> [Work order] Please transcribe the records precisely; pictures stay out of your copy.
_ _ _ _
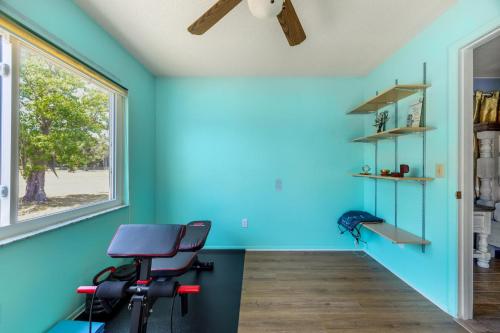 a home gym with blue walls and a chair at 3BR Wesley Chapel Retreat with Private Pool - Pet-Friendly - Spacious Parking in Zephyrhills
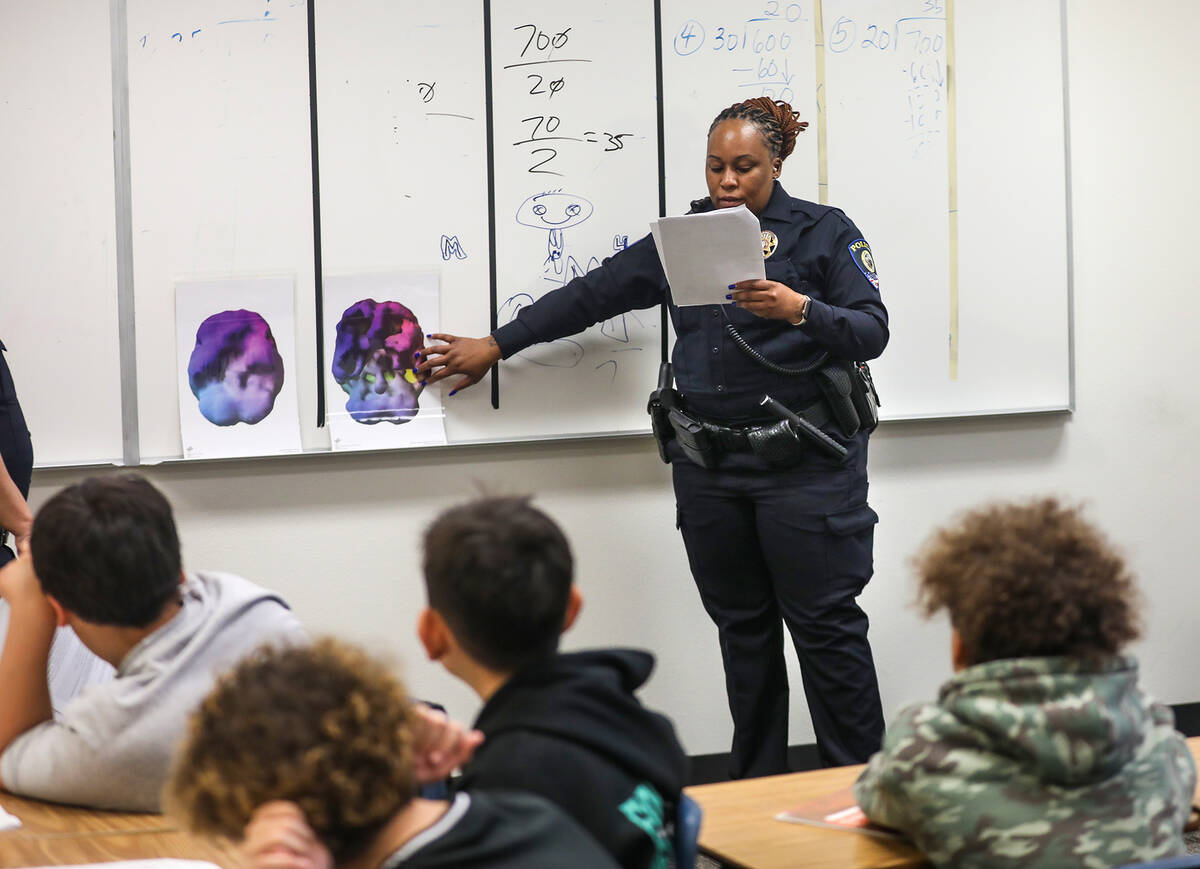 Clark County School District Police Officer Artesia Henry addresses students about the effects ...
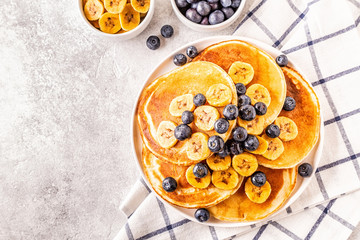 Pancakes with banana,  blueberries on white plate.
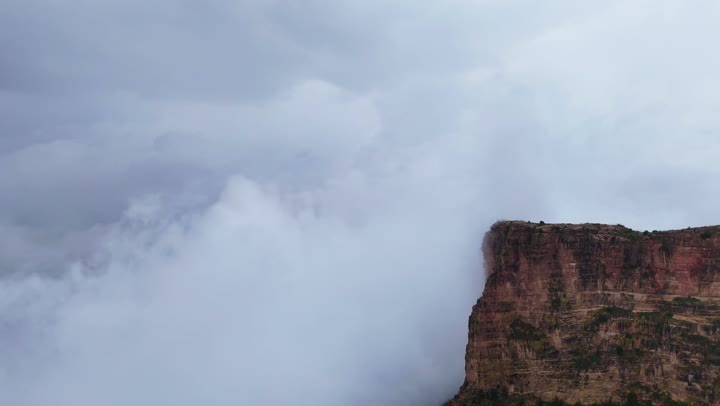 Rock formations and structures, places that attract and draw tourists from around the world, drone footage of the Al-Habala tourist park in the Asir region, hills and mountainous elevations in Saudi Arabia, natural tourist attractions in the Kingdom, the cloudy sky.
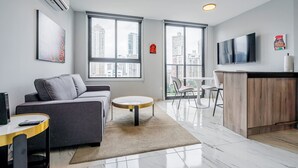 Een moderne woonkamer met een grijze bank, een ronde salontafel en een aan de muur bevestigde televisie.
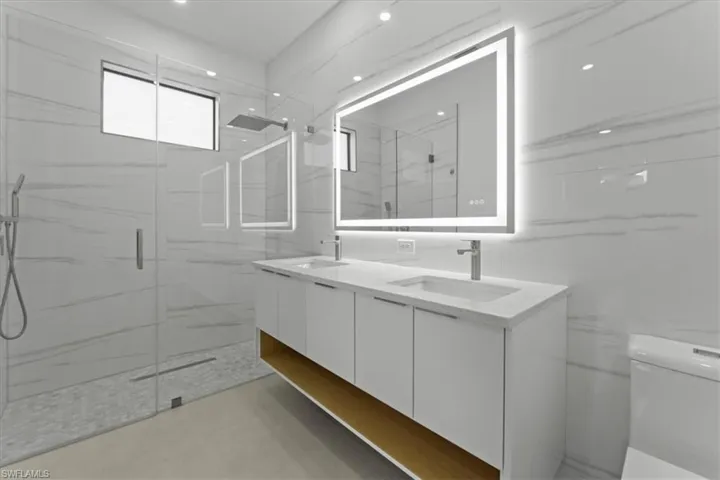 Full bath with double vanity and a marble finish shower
_ _ _ _
> [Exercise output]
 a home gym with blue walls and a chair at 3BR Wesley Chapel Retreat with Private Pool - Pet-Friendly - Spacious Parking in Zephyrhills
 Clark County School District Police Officer Artesia Henry addresses students about the effects ...
 Pancakes with banana,  blueberries on white plate.
 Rock formations and structures, places that attract and draw tourists from around the world, drone footage of the Al-Habala tourist park in the Asir region, hills and mountainous elevations in Saudi Arabia, natural tourist attractions in the Kingdom, the cloudy sky.
 Een moderne woonkamer met een grijze bank, een ronde salontafel en een aan de muur bevestigde televisie.
 Full bath with double vanity and a marble finish shower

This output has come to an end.